═════ SUPPLIED RECORDS

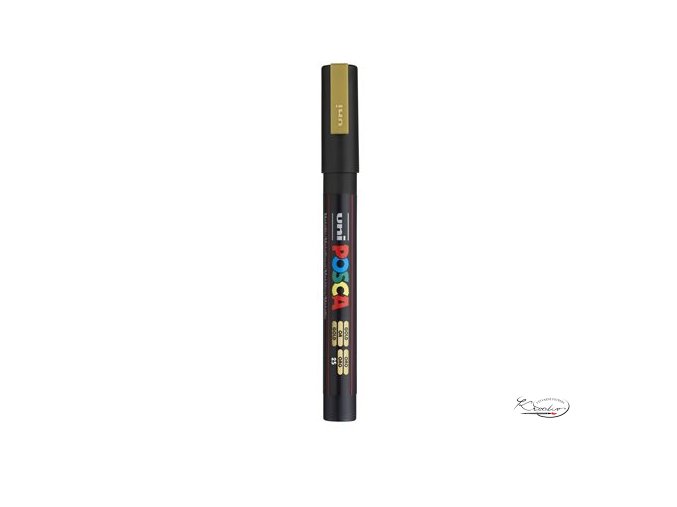 Akrylový popisovač POSCA / 0,9 - 1,3 mm - zlatý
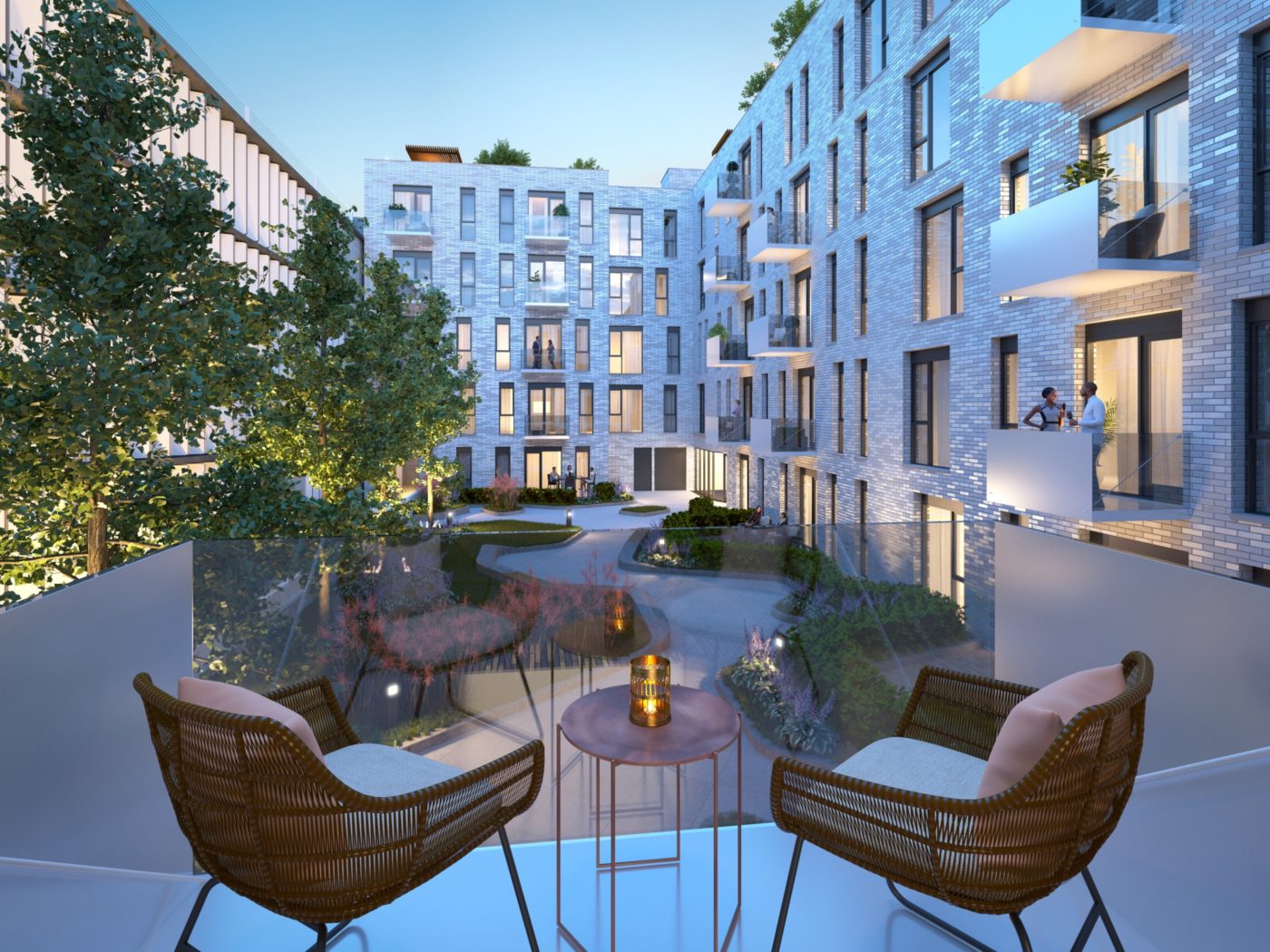 Courtyard Rendering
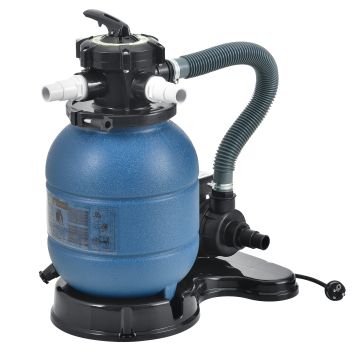 Pompe Filtre à Sable pour Piscines 12-20 m³ 400 W Plastique Cuivre Bleu [pro.tec]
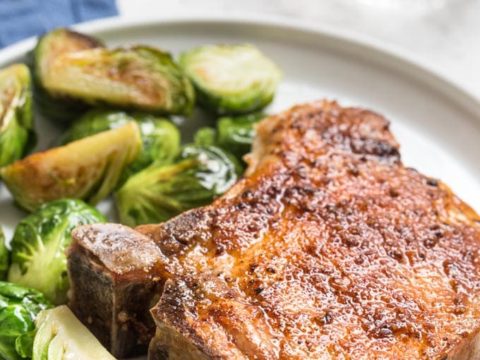 Image for Easy Air Fryer Pork Chops (Keto, Paleo, W30)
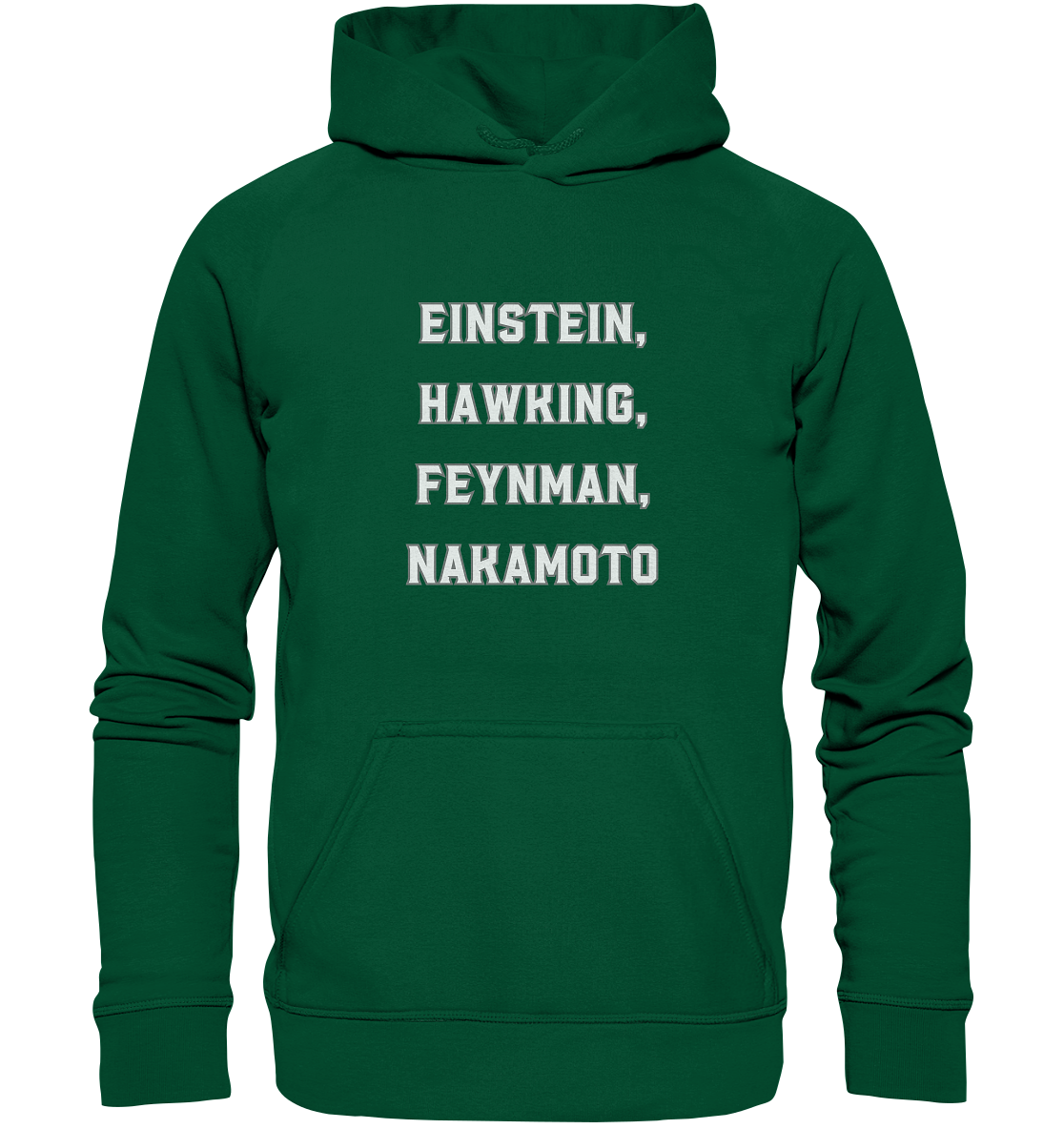 EINSTEIN, HAWKING, FEYNMAN, NAKAMOTO - Basic Unisex Hoodie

══════════

_ABOUT THIS TASK_: The material must be restated verbatim. Its pictures must be omitted.

_WRITTEN RESPONSE_:
 Akrylový popisovač POSCA / 0,9 - 1,3 mm - zlatý
 Courtyard Rendering
 Pompe Filtre à Sable pour Piscines 12-20 m³ 400 W Plastique Cuivre Bleu [pro.tec]
 Image for Easy Air Fryer Pork Chops (Keto, Paleo, W30)
 EINSTEIN, HAWKING, FEYNMAN, NAKAMOTO - Basic Unisex Hoodie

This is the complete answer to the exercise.